### WHAT YOU HAVE TO DO
Each line at or after the one containing "There are filters" should be transcribed exactly, up to and including the final line of the data.
━━ EXERCISE DATA
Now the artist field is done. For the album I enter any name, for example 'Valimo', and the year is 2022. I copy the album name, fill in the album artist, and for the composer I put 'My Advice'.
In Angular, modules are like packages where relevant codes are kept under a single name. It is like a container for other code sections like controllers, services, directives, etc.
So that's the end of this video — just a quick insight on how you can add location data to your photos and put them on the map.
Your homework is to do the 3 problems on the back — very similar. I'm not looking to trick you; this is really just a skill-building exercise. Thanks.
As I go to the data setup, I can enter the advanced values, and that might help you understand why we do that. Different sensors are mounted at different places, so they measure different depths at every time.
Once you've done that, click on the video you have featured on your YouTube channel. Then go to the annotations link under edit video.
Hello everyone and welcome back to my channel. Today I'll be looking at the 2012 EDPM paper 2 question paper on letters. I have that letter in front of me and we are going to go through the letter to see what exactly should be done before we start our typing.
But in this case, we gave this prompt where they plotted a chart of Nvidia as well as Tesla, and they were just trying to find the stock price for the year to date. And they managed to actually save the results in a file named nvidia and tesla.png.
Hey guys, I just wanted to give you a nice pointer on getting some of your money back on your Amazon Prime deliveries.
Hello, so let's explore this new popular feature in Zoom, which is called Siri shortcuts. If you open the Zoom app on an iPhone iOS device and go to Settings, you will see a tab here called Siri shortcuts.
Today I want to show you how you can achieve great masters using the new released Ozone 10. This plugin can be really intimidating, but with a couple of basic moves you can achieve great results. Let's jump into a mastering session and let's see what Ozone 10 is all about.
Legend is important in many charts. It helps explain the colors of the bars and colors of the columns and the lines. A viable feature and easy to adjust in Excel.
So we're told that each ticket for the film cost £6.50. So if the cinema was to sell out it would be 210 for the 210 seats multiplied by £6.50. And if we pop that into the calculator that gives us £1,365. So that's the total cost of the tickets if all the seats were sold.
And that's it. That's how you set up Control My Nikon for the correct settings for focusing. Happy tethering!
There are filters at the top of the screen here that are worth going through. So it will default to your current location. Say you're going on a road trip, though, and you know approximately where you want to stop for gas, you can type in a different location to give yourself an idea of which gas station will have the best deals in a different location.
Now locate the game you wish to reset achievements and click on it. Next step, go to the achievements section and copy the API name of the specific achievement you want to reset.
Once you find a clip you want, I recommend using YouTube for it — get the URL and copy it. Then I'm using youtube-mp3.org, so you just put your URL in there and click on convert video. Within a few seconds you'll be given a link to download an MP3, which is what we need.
━━━━
### SOLUTION FOR THIS TASK
There are filters at the top of the screen here that are worth going through. So it will default to your current location. Say you're going on a road trip, though, and you know approximately where you want to stop for gas, you can type in a different location to give yourself an idea of which gas station will have the best deals in a different location.
Now locate the game you wish to reset achievements and click on it. Next step, go to the achievements section and copy the API name of the specific achievement you want to reset.
Once you find a clip you want, I recommend using YouTube for it — get the URL and copy it. Then I'm using youtube-mp3.org, so you just put your URL in there and click on convert video. Within a few seconds you'll be given a link to download an MP3, which is what we need.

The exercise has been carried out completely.